Her load calculation came back at 17,400 BTU/h, roughly 1.5 tons. Her existing three-ton system was already double what the house needed, and he had proposed tripling it.

She wasn’t unusual. She was average.

400 Square Feet Per Ton, and Other Lies

America’s dominant method for sizing residential HVAC is not ACCA Manual J, the nationally recognized ANSI standard. It is a contractor standing in your living room, doing mental math. Here is how the rule works: take the conditioned floor area, divide by some number between 400 and 600, and that is your tonnage. A 2,000-square-foot house gets a 3.5- to 5-ton system. Numbers vary by region and by contractor, but the logic is always the same. Square footage in, tonnage out. Insulation levels, window orientation, air sealing, duct leakage, occupancy patterns, internal heat gains from appliances? Ignored, all of it.

Energy Vanguard, a building science firm run by Allison Bailes, PhD, published data from 40 residential Manual J calculations performed across the southeastern United States, Texas, California, and the Midwest. Not a single result fell at or below 600 square feet per ton, with the lowest in the entire dataset coming in at 624 and most exceeding 1,000. Average: 1,431 square feet per ton.

Run those numbers backward and the scale of the problem becomes obvious. A contractor using the 500 sf/ton rule on a house that actually needs cooling at 1,431 sf/ton will install a system 2.86 times larger than the house requires. On a 2,400-square-foot home, the rule says 4.8 tons while Manual J says 1.7. That is not a rounding error. That is buying a Ford F-350 to commute to an office four miles away.

Why Oversizing Kills Heat Pumps Faster Than Furnaces

Gas furnaces are somewhat forgiving of oversizing because they fire, heat the air, and shut off. Crude but functional, and houses get warm. Utility bills run 15-25% higher than they should, and nobody notices because they have no baseline for comparison.

Heat pumps are different, and dangerously so. An oversized heat pump in cooling mode satisfies the thermostat so quickly that it shuts down before the evaporator coil has time to wring moisture from the air. This is called short-cycling. Short-cycling. A compressor fires for four or five minutes instead of the 10-15 minutes it needs to reach steady-state dehumidification, and indoor relative humidity climbs above 60%. At 65% you start growing mold, and at 70% you can smell it.

Variable-capacity heat pumps are marketed as the solution to this because they modulate down, but they cannot modulate infinitely.

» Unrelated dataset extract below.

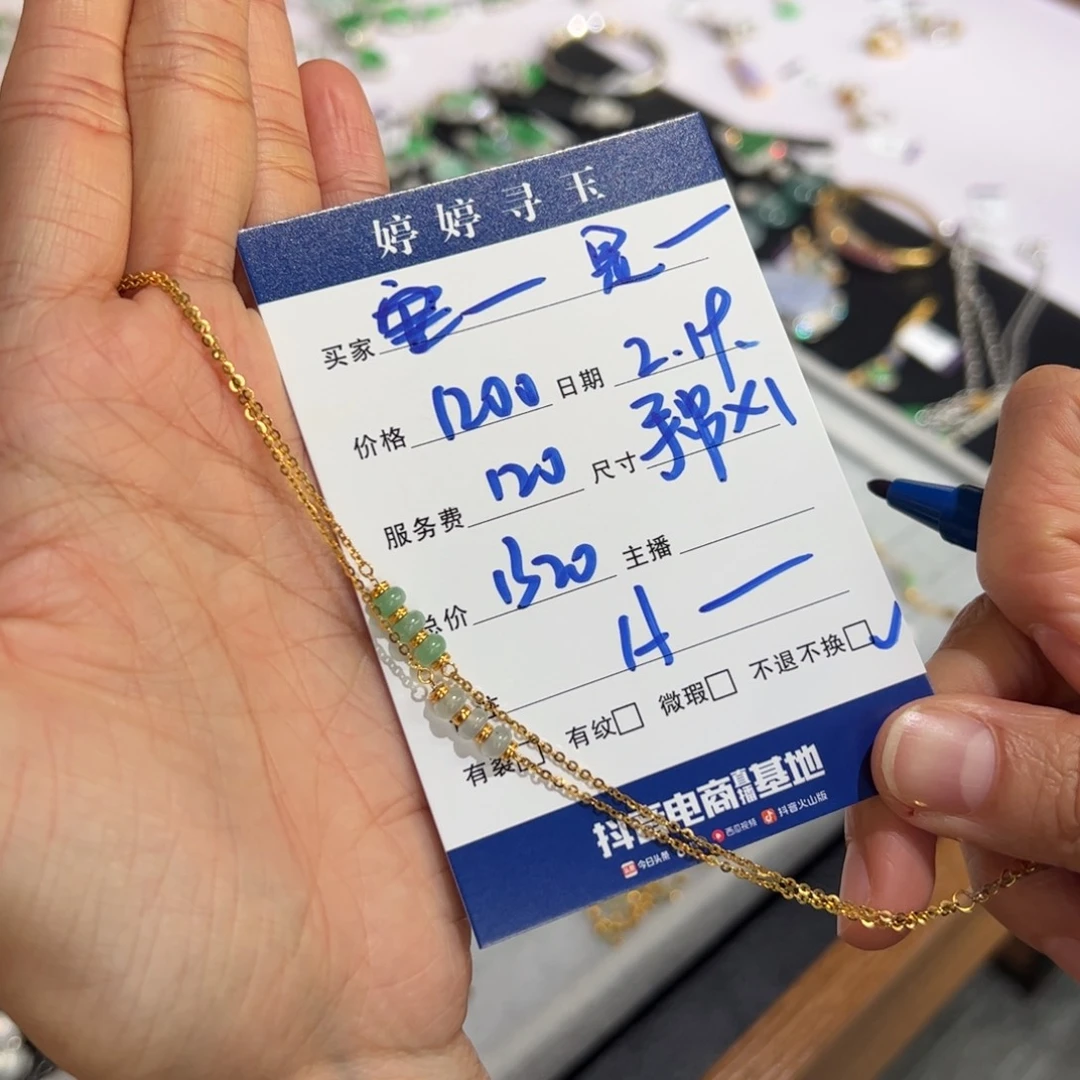 翡翠挂件18K金镶嵌是***儿买断不退不换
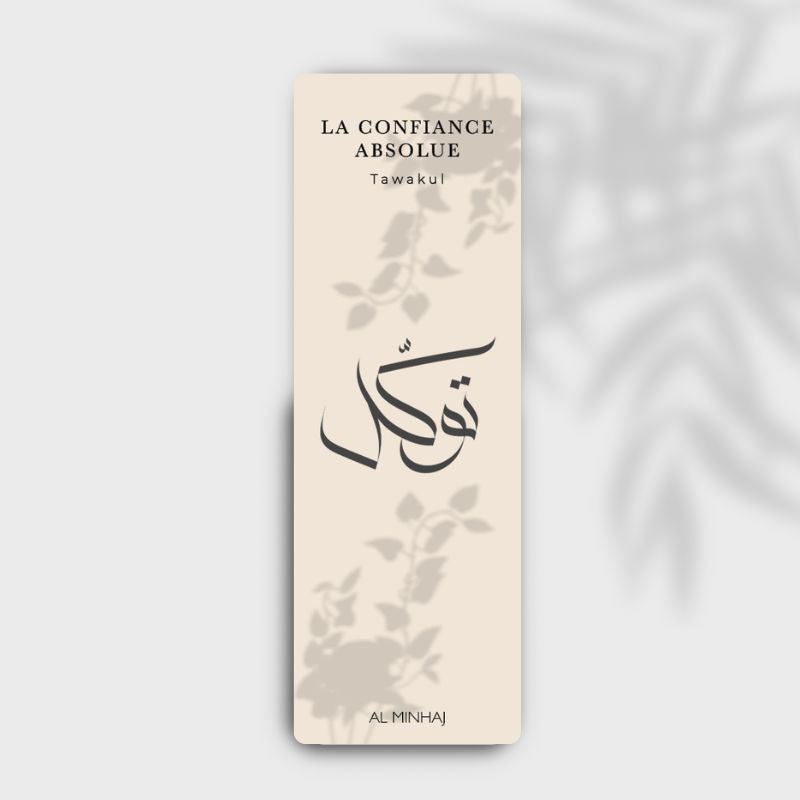 Deux marque-pages Al Minhaj Tawakul et Shukr avec design élégant, parfaits pour marquer vos livres avec style.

A three-ton variable-capacity system might turn down to one ton. If the house only needs half a ton at 55 degrees outside, the system is still oversized by 100% at minimum output, and it will cycle endlessly. Its compressor ramps up and down searching for a steady state it can never find because the load is too far below the floor of its operating range. NEEP’s cold climate heat pump analysis showed that even well-sized variable systems spend roughly 12% of annual operating hours cycling, and oversized ones spend far more.

Financial damage compounds quickly. An oversized heat pump costs $1,500-4,000 more upfront per ton of unnecessary capacity. It runs less efficiently because it never settles into the middle of its performance curve where the COP is highest. Compressors wear faster from repeated start-stop cycles, each of which draws a surge current 4-8x the running amperage. Equipment lifespan drops from the 15-20 year typical range toward 10-12. And the homeowner, mystified by high humidity and mediocre comfort, calls the contractor who installed it, who recommends a supplemental dehumidifier for another $1,800-2,500. Nobody investigates the root cause: that the system was sized by arithmetic divination rather than physics.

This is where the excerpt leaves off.